Helicoidal positive displacement pumps, sometimes referred to as Moineau-type pumps, have a wide variety of applications, including the oil producing and food processing industry, where they are used to pump fluids containing solids. In addition, helicoidal motors, which are essentially helicoidal pumps operating in reverse, are used widely in the oil drilling industry. In this application, the drilling mud is used as the driving fluid for a helicoidal motor that serves to rotate the drill bit.
Typically, a helicoidal pump/motor is comprised of a stationary stator and a helical rotor that orbits eccentrically as it rotates within the stator. The rotor is typically metallic and has one or more helical lobes spiraling around its outside diameter. The stator has a number of helical lobes that form grooves in the stator inner surface that spiral along its length, with the number of helical lobes in the rotor being one less than the number of helical grooves in the stator.
The stator of a helicoidal pump/motor is typically formed by encasing an elastomeric material, which forms the helical grooves, within a cylindrical metal housing. An interference fit is provided between the stator elastomeric form and the rotor for scaling purposes. As a result of is interference fit, the elastomeric form undergoes deformation as the rotor lobes traverse the surfaces of the stator grooves. Thus, the stator must be strong enough to maintain the dimensional stability necessary to ensure a controlled interference fit and durable enough to withstand abrasion from particles in the fluid, yet be sufficiently flexible to deform under the action of the rotor. Consequently, the maximum capability of a helicoidal pump/motor, e.g., the maximum output torque in the case of a motor, is typically limited by the strength of the elastomer.

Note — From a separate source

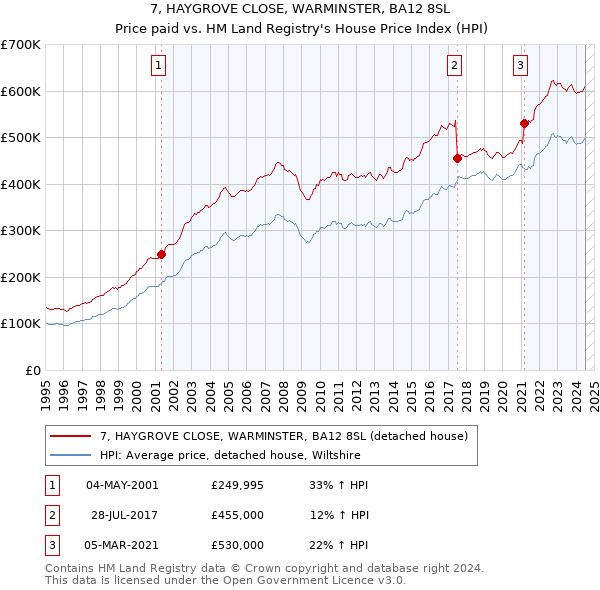 7, HAYGROVE CLOSE, WARMINSTER, BA12 8SL: Price paid vs HM Land Registry's House Price Index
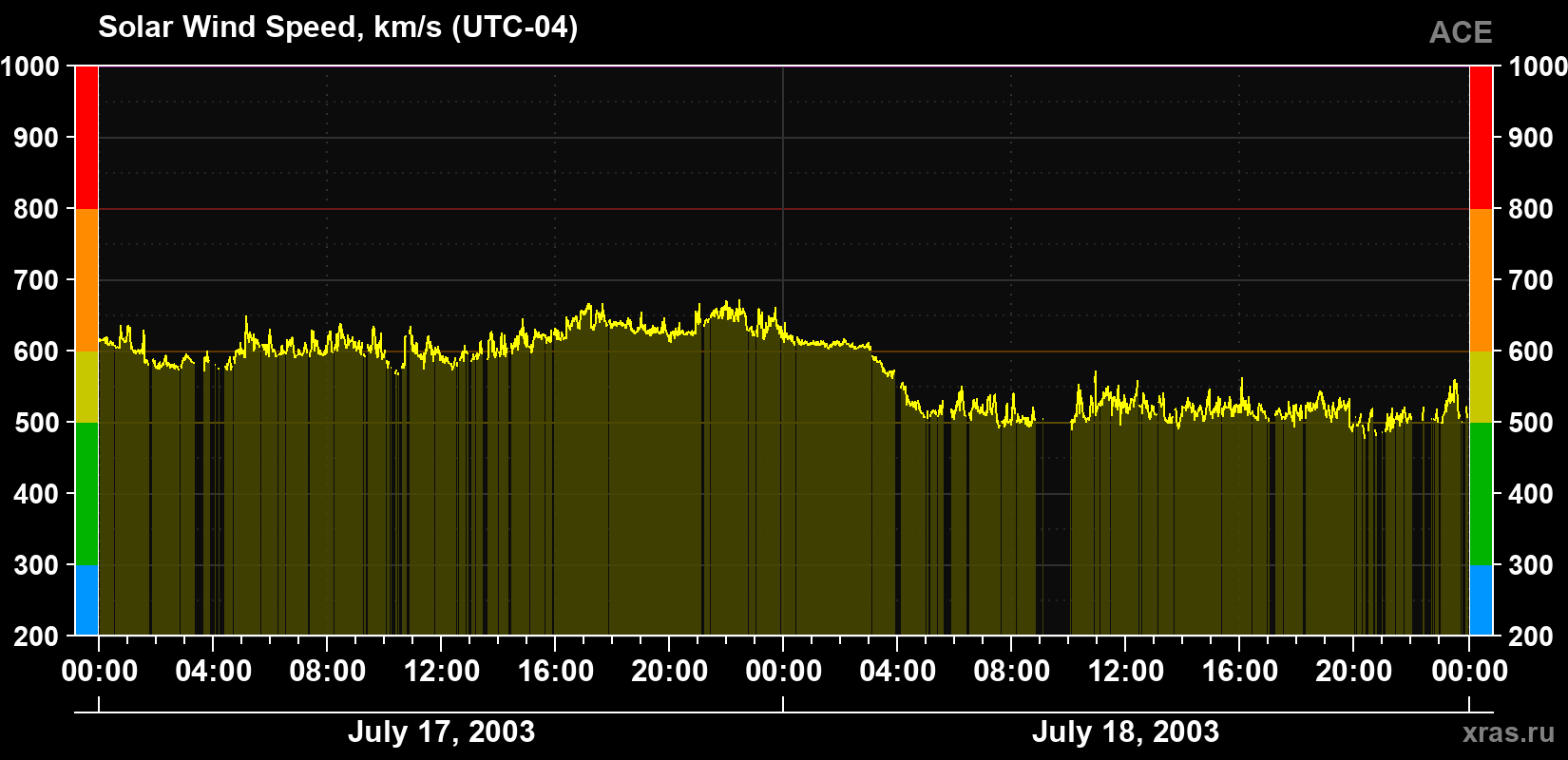 Solar wind speed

Unfortunately, the hysteresis associated the repeated cyclic stresses induced by the stator elastic deformation can generate substantial heat. Conventional helicoidal pump/motor stators cannot dissipate heat quickly. Consequently, overheating of the elastomer may result. Over time, such overheating causes deterioration and embrittlement of the elastomer. Such deterioration can lead to failure of the stator, for example, by a phenomenon known as "chunking," in which large pieces of the elastomer are torn off under the action of the rotor. One proposed solution to this problem involves the incorporation of helical tubes within the stator. According to this approach, a portion of the working fluid, typically drilling mud, is diverted so as to flow through the tubes, bypassing the normal flow path and aiding in the transfer of heat from the elastomer. Such an approach is disclosed in U.S. Pat. No. 5,171,139 (Underwood et al.). However, as a result of bypassing a portion of the working fluid, this approach results in decreased performance of the motor. Moreover, if the tubes are narrow, they can become clogged with debris carried along with the working fluid.
Consequently, it would be desirable to provide a stator for a helicoid type pump/motor having improved heat transfer characteristics and increased durability, stiffness and strength.